— Exercise —
For this exercise, reproduce the entries below exactly, but only from the line containing "Breitling Super Avenger" through the line containing "Quest Zippered Padfolio: Office Products", both included.

[Start of section]

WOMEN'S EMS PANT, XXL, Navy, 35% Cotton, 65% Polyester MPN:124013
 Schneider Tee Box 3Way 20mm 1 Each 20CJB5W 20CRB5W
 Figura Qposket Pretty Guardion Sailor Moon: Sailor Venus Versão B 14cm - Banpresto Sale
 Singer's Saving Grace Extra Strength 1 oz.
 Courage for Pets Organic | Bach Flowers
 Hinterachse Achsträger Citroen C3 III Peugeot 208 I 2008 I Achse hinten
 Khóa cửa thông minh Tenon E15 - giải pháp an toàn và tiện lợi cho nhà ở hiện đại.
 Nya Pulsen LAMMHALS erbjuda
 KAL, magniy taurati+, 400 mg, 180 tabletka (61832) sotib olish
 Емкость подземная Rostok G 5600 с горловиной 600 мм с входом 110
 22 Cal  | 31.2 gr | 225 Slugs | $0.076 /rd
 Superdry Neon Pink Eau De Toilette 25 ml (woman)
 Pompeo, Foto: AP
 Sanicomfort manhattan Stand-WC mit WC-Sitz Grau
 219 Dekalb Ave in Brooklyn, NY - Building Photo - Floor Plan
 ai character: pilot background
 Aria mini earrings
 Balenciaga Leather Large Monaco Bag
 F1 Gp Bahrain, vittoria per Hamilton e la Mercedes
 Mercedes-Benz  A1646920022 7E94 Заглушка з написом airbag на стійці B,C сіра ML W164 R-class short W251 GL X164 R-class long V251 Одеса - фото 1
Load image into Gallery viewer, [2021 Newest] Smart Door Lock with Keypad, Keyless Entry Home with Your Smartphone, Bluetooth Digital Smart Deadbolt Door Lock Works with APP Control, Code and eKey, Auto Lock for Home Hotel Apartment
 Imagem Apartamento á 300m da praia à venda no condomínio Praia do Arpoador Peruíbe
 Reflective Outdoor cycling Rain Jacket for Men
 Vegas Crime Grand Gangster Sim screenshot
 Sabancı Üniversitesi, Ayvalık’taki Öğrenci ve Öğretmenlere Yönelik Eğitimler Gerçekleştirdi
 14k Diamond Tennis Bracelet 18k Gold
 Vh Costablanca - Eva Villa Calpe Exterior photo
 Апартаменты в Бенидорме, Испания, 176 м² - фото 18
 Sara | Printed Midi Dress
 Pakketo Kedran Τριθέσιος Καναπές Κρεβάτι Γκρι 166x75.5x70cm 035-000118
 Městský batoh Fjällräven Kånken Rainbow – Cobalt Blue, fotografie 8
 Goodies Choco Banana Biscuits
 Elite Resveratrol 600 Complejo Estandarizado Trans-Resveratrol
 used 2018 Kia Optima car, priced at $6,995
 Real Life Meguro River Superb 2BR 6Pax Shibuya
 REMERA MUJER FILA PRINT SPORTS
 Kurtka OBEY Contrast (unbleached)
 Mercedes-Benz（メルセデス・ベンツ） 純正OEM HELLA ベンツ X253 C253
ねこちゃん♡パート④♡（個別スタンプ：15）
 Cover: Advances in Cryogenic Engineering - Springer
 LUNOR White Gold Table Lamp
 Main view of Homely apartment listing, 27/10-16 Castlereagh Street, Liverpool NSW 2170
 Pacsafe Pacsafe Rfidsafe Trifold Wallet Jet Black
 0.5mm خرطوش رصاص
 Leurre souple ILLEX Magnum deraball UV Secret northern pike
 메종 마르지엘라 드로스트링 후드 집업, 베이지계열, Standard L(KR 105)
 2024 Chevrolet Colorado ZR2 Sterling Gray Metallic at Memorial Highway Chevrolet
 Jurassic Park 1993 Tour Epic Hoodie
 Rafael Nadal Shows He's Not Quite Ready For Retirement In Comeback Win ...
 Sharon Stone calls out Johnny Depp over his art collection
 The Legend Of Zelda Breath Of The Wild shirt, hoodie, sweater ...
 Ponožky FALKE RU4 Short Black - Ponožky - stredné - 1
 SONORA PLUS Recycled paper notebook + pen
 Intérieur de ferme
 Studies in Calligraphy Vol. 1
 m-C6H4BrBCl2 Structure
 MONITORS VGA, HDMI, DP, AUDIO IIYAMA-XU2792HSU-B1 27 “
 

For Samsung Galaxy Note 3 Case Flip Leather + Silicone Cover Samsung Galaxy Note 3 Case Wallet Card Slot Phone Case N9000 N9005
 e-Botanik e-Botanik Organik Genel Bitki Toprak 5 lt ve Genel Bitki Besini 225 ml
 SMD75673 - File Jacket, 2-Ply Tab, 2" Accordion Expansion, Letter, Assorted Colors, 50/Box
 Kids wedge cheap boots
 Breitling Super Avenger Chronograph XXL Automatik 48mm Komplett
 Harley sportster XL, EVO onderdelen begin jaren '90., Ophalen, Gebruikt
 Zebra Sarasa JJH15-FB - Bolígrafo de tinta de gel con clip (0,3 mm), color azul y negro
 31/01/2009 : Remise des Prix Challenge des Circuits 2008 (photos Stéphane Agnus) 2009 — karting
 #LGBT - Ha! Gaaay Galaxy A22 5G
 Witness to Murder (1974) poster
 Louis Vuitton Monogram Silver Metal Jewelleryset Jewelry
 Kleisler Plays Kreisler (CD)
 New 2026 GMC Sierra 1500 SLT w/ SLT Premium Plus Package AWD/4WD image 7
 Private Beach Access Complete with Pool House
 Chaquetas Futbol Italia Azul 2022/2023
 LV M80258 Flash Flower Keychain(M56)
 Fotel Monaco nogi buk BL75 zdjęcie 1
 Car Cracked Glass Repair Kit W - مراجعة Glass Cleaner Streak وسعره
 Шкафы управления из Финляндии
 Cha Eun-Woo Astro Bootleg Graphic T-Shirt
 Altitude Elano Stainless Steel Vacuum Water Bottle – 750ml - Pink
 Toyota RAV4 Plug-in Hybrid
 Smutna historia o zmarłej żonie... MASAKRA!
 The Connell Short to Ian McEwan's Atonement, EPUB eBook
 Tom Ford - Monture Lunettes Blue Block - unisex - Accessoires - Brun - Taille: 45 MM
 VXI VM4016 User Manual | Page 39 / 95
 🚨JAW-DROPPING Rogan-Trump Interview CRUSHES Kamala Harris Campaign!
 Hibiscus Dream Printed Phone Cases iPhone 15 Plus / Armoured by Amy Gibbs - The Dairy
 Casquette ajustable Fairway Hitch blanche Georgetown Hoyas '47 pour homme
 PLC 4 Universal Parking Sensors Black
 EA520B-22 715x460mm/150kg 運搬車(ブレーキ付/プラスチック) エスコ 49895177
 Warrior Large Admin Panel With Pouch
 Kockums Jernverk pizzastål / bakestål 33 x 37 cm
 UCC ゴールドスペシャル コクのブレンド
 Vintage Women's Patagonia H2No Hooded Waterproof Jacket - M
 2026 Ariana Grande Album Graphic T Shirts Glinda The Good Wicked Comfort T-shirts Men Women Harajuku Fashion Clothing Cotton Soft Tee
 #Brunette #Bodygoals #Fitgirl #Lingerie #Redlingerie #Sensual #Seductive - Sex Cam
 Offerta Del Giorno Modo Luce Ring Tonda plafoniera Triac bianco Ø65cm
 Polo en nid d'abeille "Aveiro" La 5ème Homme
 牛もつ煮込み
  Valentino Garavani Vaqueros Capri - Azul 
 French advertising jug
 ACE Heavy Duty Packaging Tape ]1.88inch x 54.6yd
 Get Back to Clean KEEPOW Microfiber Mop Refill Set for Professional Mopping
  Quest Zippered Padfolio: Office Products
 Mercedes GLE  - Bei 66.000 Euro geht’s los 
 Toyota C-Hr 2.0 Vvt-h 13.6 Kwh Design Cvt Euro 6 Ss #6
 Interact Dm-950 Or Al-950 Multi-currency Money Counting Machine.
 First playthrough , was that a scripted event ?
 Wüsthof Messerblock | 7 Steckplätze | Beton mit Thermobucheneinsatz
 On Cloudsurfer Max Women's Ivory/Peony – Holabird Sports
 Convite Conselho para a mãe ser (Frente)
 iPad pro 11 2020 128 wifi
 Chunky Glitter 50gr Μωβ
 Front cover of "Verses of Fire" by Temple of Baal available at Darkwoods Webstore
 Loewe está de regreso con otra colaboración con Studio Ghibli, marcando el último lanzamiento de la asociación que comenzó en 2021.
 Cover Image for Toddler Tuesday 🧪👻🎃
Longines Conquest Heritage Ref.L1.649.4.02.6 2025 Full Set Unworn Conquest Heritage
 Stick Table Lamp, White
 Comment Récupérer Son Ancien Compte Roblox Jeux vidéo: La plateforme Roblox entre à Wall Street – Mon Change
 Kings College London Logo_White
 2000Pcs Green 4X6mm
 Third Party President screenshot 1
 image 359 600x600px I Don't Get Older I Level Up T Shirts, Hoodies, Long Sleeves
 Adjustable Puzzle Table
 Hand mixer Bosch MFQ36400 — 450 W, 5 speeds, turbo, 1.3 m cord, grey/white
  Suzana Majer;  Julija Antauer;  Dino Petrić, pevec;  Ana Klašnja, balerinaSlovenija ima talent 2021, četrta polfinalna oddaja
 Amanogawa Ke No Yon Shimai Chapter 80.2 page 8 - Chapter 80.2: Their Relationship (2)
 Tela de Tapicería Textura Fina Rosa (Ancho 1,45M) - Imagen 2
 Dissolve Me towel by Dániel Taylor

[End of section]

— Solution to the problem —
 Breitling Super Avenger Chronograph XXL Automatik 48mm Komplett
 Harley sportster XL, EVO onderdelen begin jaren '90., Ophalen, Gebruikt
 Zebra Sarasa JJH15-FB - Bolígrafo de tinta de gel con clip (0,3 mm), color azul y negro
 31/01/2009 : Remise des Prix Challenge des Circuits 2008 (photos Stéphane Agnus) 2009 — karting
 #LGBT - Ha! Gaaay Galaxy A22 5G
 Witness to Murder (1974) poster
 Louis Vuitton Monogram Silver Metal Jewelleryset Jewelry
 Kleisler Plays Kreisler (CD)
 New 2026 GMC Sierra 1500 SLT w/ SLT Premium Plus Package AWD/4WD image 7
 Private Beach Access Complete with Pool House
 Chaquetas Futbol Italia Azul 2022/2023
 LV M80258 Flash Flower Keychain(M56)
 Fotel Monaco nogi buk BL75 zdjęcie 1
 Car Cracked Glass Repair Kit W - مراجعة Glass Cleaner Streak وسعره
 Шкафы управления из Финляндии
 Cha Eun-Woo Astro Bootleg Graphic T-Shirt
 Altitude Elano Stainless Steel Vacuum Water Bottle – 750ml - Pink
 Toyota RAV4 Plug-in Hybrid
 Smutna historia o zmarłej żonie... MASAKRA!
 The Connell Short to Ian McEwan's Atonement, EPUB eBook
 Tom Ford - Monture Lunettes Blue Block - unisex - Accessoires - Brun - Taille: 45 MM
 VXI VM4016 User Manual | Page 39 / 95
 🚨JAW-DROPPING Rogan-Trump Interview CRUSHES Kamala Harris Campaign!
 Hibiscus Dream Printed Phone Cases iPhone 15 Plus / Armoured by Amy Gibbs - The Dairy
 Casquette ajustable Fairway Hitch blanche Georgetown Hoyas '47 pour homme
 PLC 4 Universal Parking Sensors Black
 EA520B-22 715x460mm/150kg 運搬車(ブレーキ付/プラスチック) エスコ 49895177
 Warrior Large Admin Panel With Pouch
 Kockums Jernverk pizzastål / bakestål 33 x 37 cm
 UCC ゴールドスペシャル コクのブレンド
 Vintage Women's Patagonia H2No Hooded Waterproof Jacket - M
 2026 Ariana Grande Album Graphic T Shirts Glinda The Good Wicked Comfort T-shirts Men Women Harajuku Fashion Clothing Cotton Soft Tee
 #Brunette #Bodygoals #Fitgirl #Lingerie #Redlingerie #Sensual #Seductive - Sex Cam
 Offerta Del Giorno Modo Luce Ring Tonda plafoniera Triac bianco Ø65cm
 Polo en nid d'abeille "Aveiro" La 5ème Homme
 牛もつ煮込み
  Valentino Garavani Vaqueros Capri - Azul 
 French advertising jug
 ACE Heavy Duty Packaging Tape ]1.88inch x 54.6yd
 Get Back to Clean KEEPOW Microfiber Mop Refill Set for Professional Mopping
  Quest Zippered Padfolio: Office Products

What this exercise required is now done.